Ketiga, mikrobioma akar. Inokulasi fungi mikoriza arbuskular (AMF) atau bakteri pemacu pertumbuhan tanaman (PGPR) dapat meningkatkan penyerapan air dan hara serta meningkatkan toleransi terhadap cekaman biotik maupun abiotik (Camargo et al., 2023). Keempat, kondisi lingkungan ex vitro. Kelembapan tinggi harus diturunkan secara bertahap, suhu dan cahaya dikelola dengan sistem fogging atau IoT, sehingga survival rate dapat ditingkatkan (Eisa et al., 2025). Selain itu, substrat dalam media juga penting untuk diperhatikan. Campuran cocopeat-perlit atau peat-perlit yang bersifat poros dan aeratif, terbukti dapat mendukung pembentukan akar serabut pada tanaman selama proses aklimatisasi (Kauschke et al., 2025).
Strategi Meningkatkan Survival Rate
Sejumlah penelitian telah dilakukan untuk merumuskan langkah-langkah praktis untuk menekan angka kematian plantlet pada tahap aklimatisasi. Di antaranya, perlunya tahap pra-aklimatisasi dengan kultur fotoautotrof (sukrosa rendah, pemberian ventilasi/ filter, dan penambahan CO₂) untuk “melatih” kloroplas dan stomata berfotosintesis, manajemen pencahayaam secara bertahap dari intensitas rendah ke moderat lalu tinggi, serta pengaturan kelembapan yang dikurangi sedikit demi sedikit agar plantlet dapat “beradaptasi” di kondisi semi ex vitro (Silva et al., 2024).

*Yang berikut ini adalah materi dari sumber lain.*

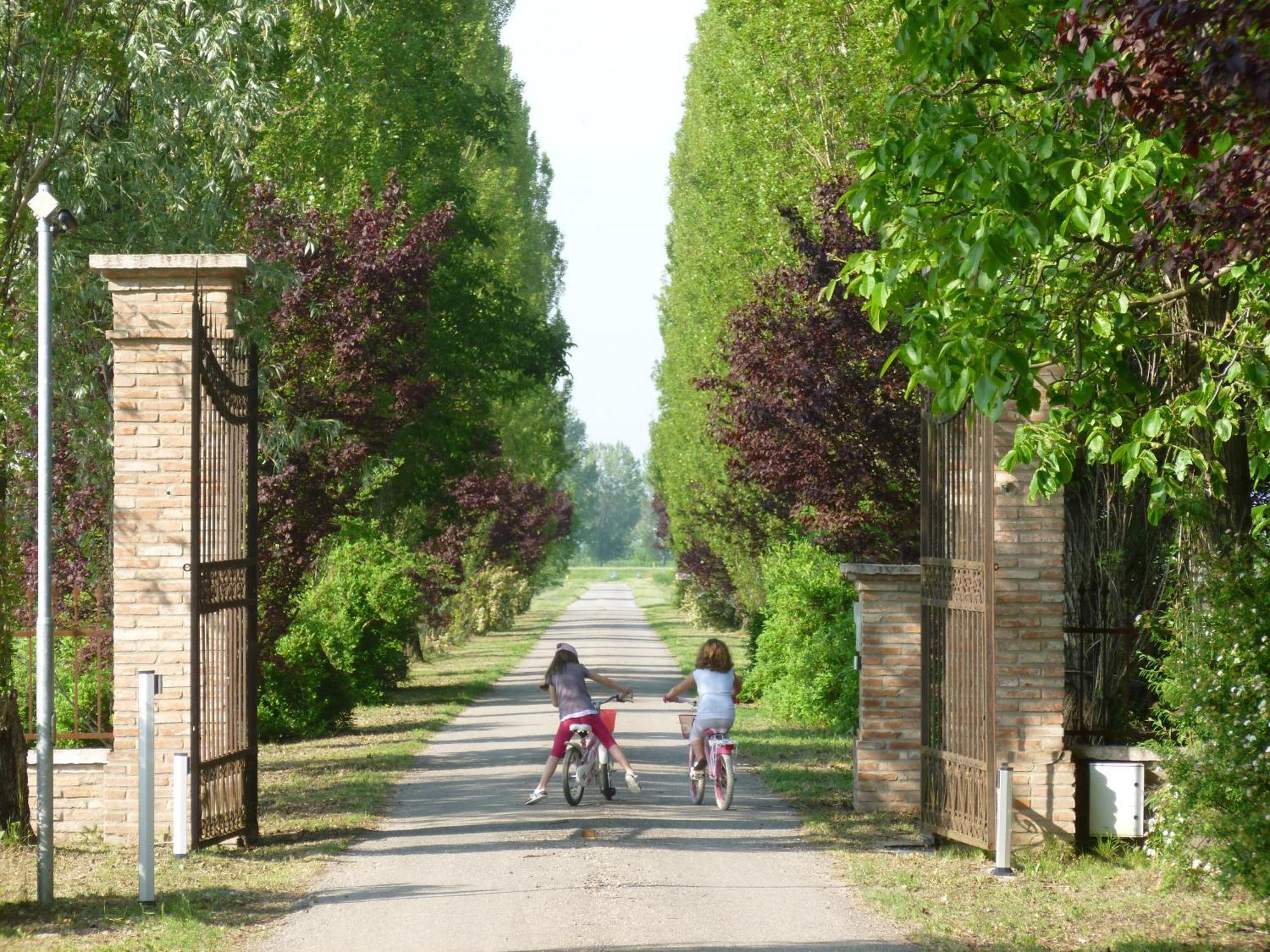 Agriturismo Corte Rocca San Giorgio di Mantova Exterior foto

Penggunaan substrat media aklim yang aeratif dan steril, biotisasi akar dengan AMF/PGPR, pemberian nutrisi secara bertahap, hingga teknik bottom cooling adalah beberapa teknik yang secara bertahap menunjukkan korelasi yang positif dengan survival rate. Penggunaan antitranspiran berbasis ABA rendah atau pelapis stomata juga terbukti mengurangi kehilangan air akibat evapotranspirasi pada tahap awal aklimatisasi (Jagiełło-Kubiec et al., 2021).

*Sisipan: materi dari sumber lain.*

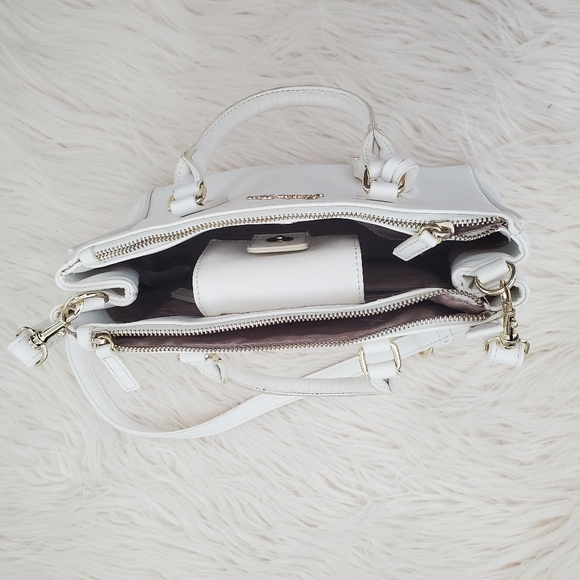 Jewelna Rose white handbag purse w/ shoulder strap - Picture 3 of 6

Keberhasilan tahap aklimatisasi bukan hanya persoalan teknis di laboratorium. Ia merupakan jembatan transisi antara kondisi kultur artifisial yang aseptik dan kondisi nyata di lapangan, apakah planlet hasil kultur jaringan akan berakhir menjadi tanaman yang layu dan kemudian mati atau berhasil menjadi bibit yang produktif. Dengan pendekatan yang terukur, mulai dari persiapan kondisi anatomi, morfologi planlet hingga rekayasa mikrobioma maka angka survival rate dapat ditingkatkan secara signifikan. Bagi pemulia, peneliti, maupun industri, memahami teknik aklimatisasi berarti memahami seni menyelamatkan ribuan bibit hasil kultur jaringan tanaman yang telah memakan waktu, biaya, dan tenaga yang tidak sedikit untuk diinvestasikan.
Referensi:
- Camargo, R., et al. (2023). Role of root microbiome in ex vitro adaptation of tissue culture-derived plants. Plant and Soil. ResearchGate.

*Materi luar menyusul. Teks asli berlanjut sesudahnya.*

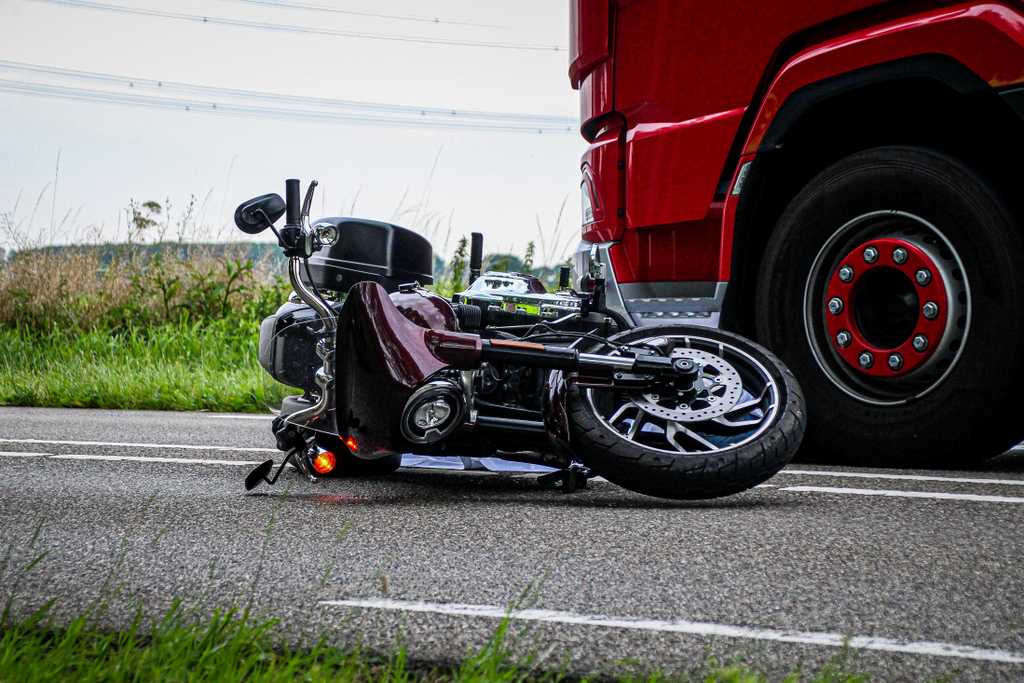 Motorrijder overleden na botsing met vrachtwagen, chauffeur aangehouden.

- Eisa, A., et al. (2025). IoT-based acclimatization systems improve plantlet survival under greenhouse conditions. Horticulturae. MDPI.
- Jagiełło-Kubiec, K., et al. (2021). Antitranspirant treatments enhance survival of Physocarpus during acclimatization. Plants. MDPI.
- Kauschke, T., et al. (2025). Substrate optimization for bromeliad and succulent acclimatization. Plants. MDPI.
- PospÃÅ¡ilová, J., et al. (2024). Physiology of micropropagated plants during acclimatization: A comprehensive review. Plant Cell Reports. Springer.
- Silva, M., et al. (2024). Photosynthetic competence and acclimatization strategies in micropropagated plants. In Vitro Cellular & Developmental Biology–Plant. MDPI.